Origin Of Escape - Shapes review
|Band:||Origin Of Escape|
|Release date:||March 2022|
01. Milk Teeth
Do you miss Eden Circus? Well, while that group crawl glacially towards putting out a sophomore album, other bands emerge in the meantime to scratch the same itch.
I didn’t expect Origin Of Escape to fall into that niche when I first heard the name; the name was what drew me into checking out Shapes, their debut album, but only because it’s a song from The Amanuensis by Monuments, an album I vocalized my love for when reviewing the djent heavyweights’ latest album.

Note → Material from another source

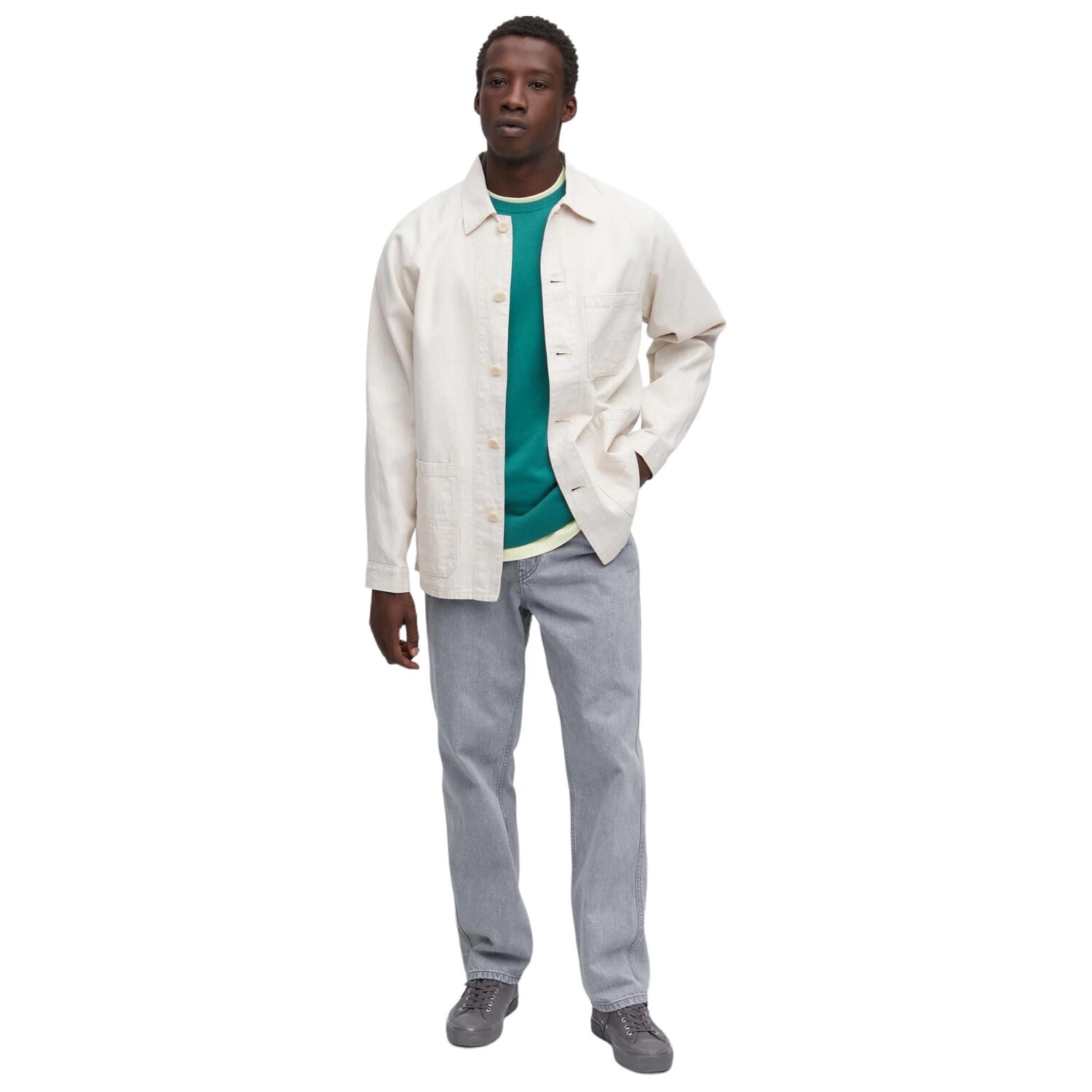 

Джинсовая куртка Uniqlo Cotton Linen Blend Utility, кремовый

As it turned out, Origin Of Escape were not Monuments devotees, as there is no djenty metalcore to be heard on Shapes; what is found here, however, is very much appealing in its own right.

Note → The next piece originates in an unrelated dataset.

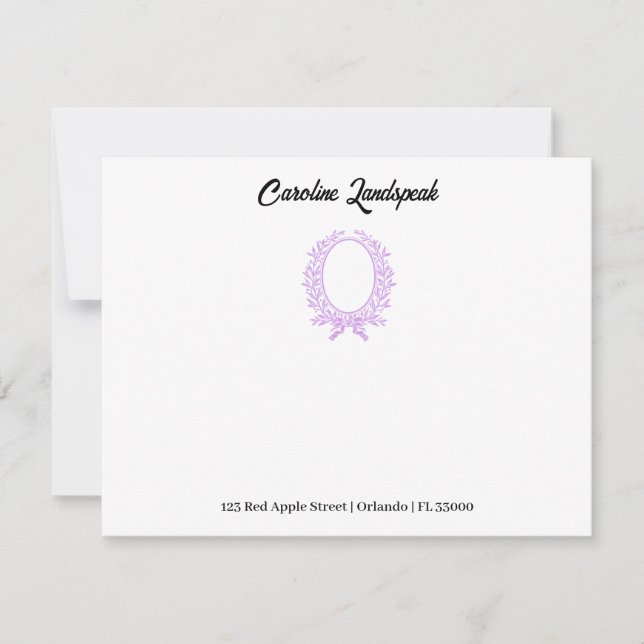 Floral Purple Mirror Monogrammed Note Card (Front)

Those few here that remember Eden Circus will remember that they straddled the border between alternative and progressive metal, with a bit of a post-rock/post-metal thrown in for good measure; that’s a fairly apt description of Origin Of Escape on Shapes as well. Naturally, the proportions fluctuate between tracks; opener “Milk Teeth” flexes some muscly alt-metal riffs, contrasted against mellow, tender verses, tenderness that extends into the midsection of the song with some lush guitar soloing. In contrast, “Again” opens softly, evocatively growing with percussion reminiscent of a band like Wheel, before eventually exploding in volume around the halfway mark with some powerful vocals and weighty chugs.

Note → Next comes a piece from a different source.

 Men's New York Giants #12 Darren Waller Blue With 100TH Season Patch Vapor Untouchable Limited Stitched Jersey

What remains consistent across the songs is the richly emotional aura of the music, which, above anything else, is what makes comparisons with Eden Circus inevitable. Like Eden Circus, as well as bands such as Wheel and Tacoma Narrows Bridge Disaster, Origin Of Escape are very adept at coalescing clean, mellow guitar work, understated yet passionate vocals and atmospheric drumming into a potent brew of lush, heartfelt vibes, one that is perfectly exemplified during the opening minutes of “Chase”. Nevertheless, successful dynamic contrast takes music like this to another level, and the ability to deliver memorable riffs and brooding power in their louder riffs means that Origin Of Escape songs don’t sag when they explore the heavier end of the spectrum.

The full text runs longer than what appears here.